> **WORK TASK**:
For each line of the listing that contains "illustration", make a copy and return it.

> **DATASET RECORDS**:
------------------------------------------------

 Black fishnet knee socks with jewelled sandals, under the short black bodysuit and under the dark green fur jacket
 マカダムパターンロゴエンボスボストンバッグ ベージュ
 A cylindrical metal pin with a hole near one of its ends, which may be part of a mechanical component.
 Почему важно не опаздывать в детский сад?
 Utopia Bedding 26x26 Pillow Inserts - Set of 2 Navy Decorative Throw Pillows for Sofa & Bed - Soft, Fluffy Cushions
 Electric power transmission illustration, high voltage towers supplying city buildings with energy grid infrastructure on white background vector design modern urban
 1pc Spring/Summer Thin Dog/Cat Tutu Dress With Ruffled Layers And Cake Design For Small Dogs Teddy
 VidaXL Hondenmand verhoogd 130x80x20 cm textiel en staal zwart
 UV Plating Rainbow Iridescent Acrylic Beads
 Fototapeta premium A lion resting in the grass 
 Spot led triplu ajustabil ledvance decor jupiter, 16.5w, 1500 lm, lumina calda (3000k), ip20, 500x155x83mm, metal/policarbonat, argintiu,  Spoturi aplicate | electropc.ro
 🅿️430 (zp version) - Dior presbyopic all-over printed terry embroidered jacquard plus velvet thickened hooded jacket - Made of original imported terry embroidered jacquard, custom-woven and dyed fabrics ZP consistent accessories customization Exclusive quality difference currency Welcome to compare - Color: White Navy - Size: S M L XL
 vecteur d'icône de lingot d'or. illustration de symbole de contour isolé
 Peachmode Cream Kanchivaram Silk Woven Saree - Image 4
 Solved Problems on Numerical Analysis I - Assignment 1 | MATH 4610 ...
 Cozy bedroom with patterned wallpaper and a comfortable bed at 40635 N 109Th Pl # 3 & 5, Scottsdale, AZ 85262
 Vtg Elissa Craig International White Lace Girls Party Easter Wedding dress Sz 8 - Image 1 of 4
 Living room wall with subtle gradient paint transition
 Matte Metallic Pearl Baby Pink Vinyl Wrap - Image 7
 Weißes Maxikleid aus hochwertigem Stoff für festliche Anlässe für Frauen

------------------------------------------------

> **OUTPUT FOR THIS EXERCISE**:
 Electric power transmission illustration, high voltage towers supplying city buildings with energy grid infrastructure on white background vector design modern urban
 vecteur d'icône de lingot d'or. illustration de symbole de contour isolé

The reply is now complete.